El bramar de las olas. La mar dio a luz a Cudillero y el espíritu pixueto no se entiende de espaldas a ella. De ella ha vivido y por ella volvieron los indianos que le dieron su pátina de refinamiento
OCTAVIO VILLA
Del nacimiento de Cudillero hay algo que está claro. La mar y los acantilados, que no dejan de ser obra de su perpetuo batir contra la tierra, son su madre y su padre. Faros como el de La Garita, hoy convertirdo en un coqueto mini-hotel en uno de los lugares de privilegio de la villa, o como el impresionante, por ubicación, de Cabo Vidio son los nexos de unión de mar y tierra en un concejo que durante siglos echó a sus hijos a las olas para arrancarle el sustento o, yendo mucho más allá, para dejarse por miles la vida al otro lado del océano.
Algunos, pocos, tuvieron fortuna y, cuando volvieron de allende la mar, contribuyeron a embellecer su tierra de origen con casas y aún palacios que hoy llamamos ‘indianos’.
Pero las obras de los hombres, aún el magnífico palacio de Los Selgas en El Pito, magna obra que encierra una notable colección artística y lo mejor de los dos conceptos de la jardinería europea más triunfantes, el jardín inglés y el francés, en una sola y anonadante finca visitable en la época más turística, sin olvidar su homenaje a la instrucción pública del final del siglo XIX.
Pero si algo impacta de Cudillero, más allá de la obra de los hombres, es la de la mar.
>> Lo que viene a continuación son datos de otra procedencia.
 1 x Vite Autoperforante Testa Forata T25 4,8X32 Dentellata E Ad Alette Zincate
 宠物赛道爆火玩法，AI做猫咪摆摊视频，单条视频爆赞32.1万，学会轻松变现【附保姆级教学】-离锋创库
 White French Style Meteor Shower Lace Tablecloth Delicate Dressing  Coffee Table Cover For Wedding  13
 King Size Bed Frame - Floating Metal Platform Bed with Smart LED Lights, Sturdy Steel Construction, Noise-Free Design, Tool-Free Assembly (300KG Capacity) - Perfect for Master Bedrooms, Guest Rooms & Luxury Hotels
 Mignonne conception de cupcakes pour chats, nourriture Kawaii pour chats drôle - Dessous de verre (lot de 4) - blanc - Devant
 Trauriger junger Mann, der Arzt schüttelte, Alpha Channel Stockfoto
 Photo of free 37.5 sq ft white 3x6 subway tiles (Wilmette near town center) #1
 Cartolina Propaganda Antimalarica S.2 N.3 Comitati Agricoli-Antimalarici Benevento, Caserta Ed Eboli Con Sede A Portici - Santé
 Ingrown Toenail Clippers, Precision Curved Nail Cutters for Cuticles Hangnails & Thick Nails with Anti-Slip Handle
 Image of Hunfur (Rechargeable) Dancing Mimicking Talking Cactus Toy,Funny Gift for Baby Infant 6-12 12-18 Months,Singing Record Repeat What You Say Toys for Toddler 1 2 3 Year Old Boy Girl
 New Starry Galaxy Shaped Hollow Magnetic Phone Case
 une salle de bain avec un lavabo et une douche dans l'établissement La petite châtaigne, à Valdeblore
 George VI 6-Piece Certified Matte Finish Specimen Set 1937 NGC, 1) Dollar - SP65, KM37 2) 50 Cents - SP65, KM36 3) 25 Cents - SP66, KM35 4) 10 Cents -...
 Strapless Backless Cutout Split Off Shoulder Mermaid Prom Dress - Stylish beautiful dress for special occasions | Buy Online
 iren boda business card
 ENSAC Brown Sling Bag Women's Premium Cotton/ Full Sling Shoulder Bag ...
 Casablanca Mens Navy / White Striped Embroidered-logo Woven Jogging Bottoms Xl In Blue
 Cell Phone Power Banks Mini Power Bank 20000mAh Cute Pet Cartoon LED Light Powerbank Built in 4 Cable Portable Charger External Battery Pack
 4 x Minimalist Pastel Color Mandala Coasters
El Cabo Vidio se adentra en ella en constante pugna, y desde una altura vertical hasta lo imposible coloca al visitante frente a su propia esencia. Lo enorme y lo minúsculo, cada segundo y todos los siglos se hacen uno en el silencio interior frente al bramar de unas olas lejanas y casi omnipotentes, que desde muy abajo crean por momentos la ilusión de ser hermanos de las gaviotas.
Esa mar también es la madre de la playa más fiel a su esencia primigénea de toda Asturias, la del Silencio o la playa Gaviera. Sus formas imposibles de rocas a veces acariciadas y otras torturadas por el embate de las mareas hacen que el asombro sea tan intenso que la respuesta más auténtica al verla por vez primera sea precisamente lo que le da su primer nombre. Un silencio impresionado, fruto de la carencia de léxico para hacerle justicia.
Esa belleza inhumana de los paisajes extremos de Cudillero no ha tenido poco que ver en que el concejo con la villa quizá más singular de Asturias haya entrado en la red de los Pueblos Más Bonitos de España, un título que le hace escasa justicia a semejante compendio de belleza y pasmo.